● **Task requirements**:
Below is a block of data; give all of it again word for word.

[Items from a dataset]
◆ ◆ ◆ ◆ ◆
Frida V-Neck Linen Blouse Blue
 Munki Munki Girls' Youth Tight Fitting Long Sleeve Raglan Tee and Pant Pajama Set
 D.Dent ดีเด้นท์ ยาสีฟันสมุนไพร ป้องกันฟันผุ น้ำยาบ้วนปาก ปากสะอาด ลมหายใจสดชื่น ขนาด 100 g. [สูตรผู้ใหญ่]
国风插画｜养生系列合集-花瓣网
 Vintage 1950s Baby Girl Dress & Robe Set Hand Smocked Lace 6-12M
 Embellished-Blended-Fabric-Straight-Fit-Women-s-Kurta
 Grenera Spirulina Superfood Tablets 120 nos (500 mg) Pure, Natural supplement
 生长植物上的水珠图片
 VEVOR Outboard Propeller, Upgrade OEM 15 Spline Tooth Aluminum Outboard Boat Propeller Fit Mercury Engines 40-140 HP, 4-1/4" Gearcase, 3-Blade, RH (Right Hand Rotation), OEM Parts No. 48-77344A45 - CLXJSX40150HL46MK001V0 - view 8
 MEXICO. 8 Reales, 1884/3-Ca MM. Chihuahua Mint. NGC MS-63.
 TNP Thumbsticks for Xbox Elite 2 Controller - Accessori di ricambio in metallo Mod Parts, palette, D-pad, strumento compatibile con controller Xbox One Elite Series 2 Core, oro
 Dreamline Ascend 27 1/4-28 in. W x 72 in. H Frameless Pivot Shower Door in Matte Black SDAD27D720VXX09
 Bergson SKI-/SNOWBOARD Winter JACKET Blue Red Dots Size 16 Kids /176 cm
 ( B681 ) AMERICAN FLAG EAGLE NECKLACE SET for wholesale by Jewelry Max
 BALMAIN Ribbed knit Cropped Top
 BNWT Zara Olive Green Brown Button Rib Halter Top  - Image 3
◆ ◆ ◆ ◆ ◆
● **Output**:
Frida V-Neck Linen Blouse Blue
 Munki Munki Girls' Youth Tight Fitting Long Sleeve Raglan Tee and Pant Pajama Set
 D.Dent ดีเด้นท์ ยาสีฟันสมุนไพร ป้องกันฟันผุ น้ำยาบ้วนปาก ปากสะอาด ลมหายใจสดชื่น ขนาด 100 g. [สูตรผู้ใหญ่]
国风插画｜养生系列合集-花瓣网
 Vintage 1950s Baby Girl Dress & Robe Set Hand Smocked Lace 6-12M
 Embellished-Blended-Fabric-Straight-Fit-Women-s-Kurta
 Grenera Spirulina Superfood Tablets 120 nos (500 mg) Pure, Natural supplement
 生长植物上的水珠图片
 VEVOR Outboard Propeller, Upgrade OEM 15 Spline Tooth Aluminum Outboard Boat Propeller Fit Mercury Engines 40-140 HP, 4-1/4" Gearcase, 3-Blade, RH (Right Hand Rotation), OEM Parts No. 48-77344A45 - CLXJSX40150HL46MK001V0 - view 8
 MEXICO. 8 Reales, 1884/3-Ca MM. Chihuahua Mint. NGC MS-63.
 TNP Thumbsticks for Xbox Elite 2 Controller - Accessori di ricambio in metallo Mod Parts, palette, D-pad, strumento compatibile con controller Xbox One Elite Series 2 Core, oro
 Dreamline Ascend 27 1/4-28 in. W x 72 in. H Frameless Pivot Shower Door in Matte Black SDAD27D720VXX09
 Bergson SKI-/SNOWBOARD Winter JACKET Blue Red Dots Size 16 Kids /176 cm
 ( B681 ) AMERICAN FLAG EAGLE NECKLACE SET for wholesale by Jewelry Max
 BALMAIN Ribbed knit Cropped Top
 BNWT Zara Olive Green Brown Button Rib Halter Top  - Image 3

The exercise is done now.